**Material provided:**
------

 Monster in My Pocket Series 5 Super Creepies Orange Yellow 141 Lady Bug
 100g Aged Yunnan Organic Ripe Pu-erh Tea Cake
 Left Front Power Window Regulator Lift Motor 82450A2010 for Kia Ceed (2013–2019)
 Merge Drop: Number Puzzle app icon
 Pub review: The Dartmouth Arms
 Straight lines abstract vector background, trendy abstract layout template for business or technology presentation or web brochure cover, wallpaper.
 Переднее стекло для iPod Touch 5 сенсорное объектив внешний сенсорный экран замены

------

**Task prompt:** Exact copies of the line with "100g Aged Yunnan" and of every later line in the entries make up the whole answer.

**Exercise result:**
 100g Aged Yunnan Organic Ripe Pu-erh Tea Cake
 Left Front Power Window Regulator Lift Motor 82450A2010 for Kia Ceed (2013–2019)
 Merge Drop: Number Puzzle app icon
 Pub review: The Dartmouth Arms
 Straight lines abstract vector background, trendy abstract layout template for business or technology presentation or web brochure cover, wallpaper.
 Переднее стекло для iPod Touch 5 сенсорное объектив внешний сенсорный экран замены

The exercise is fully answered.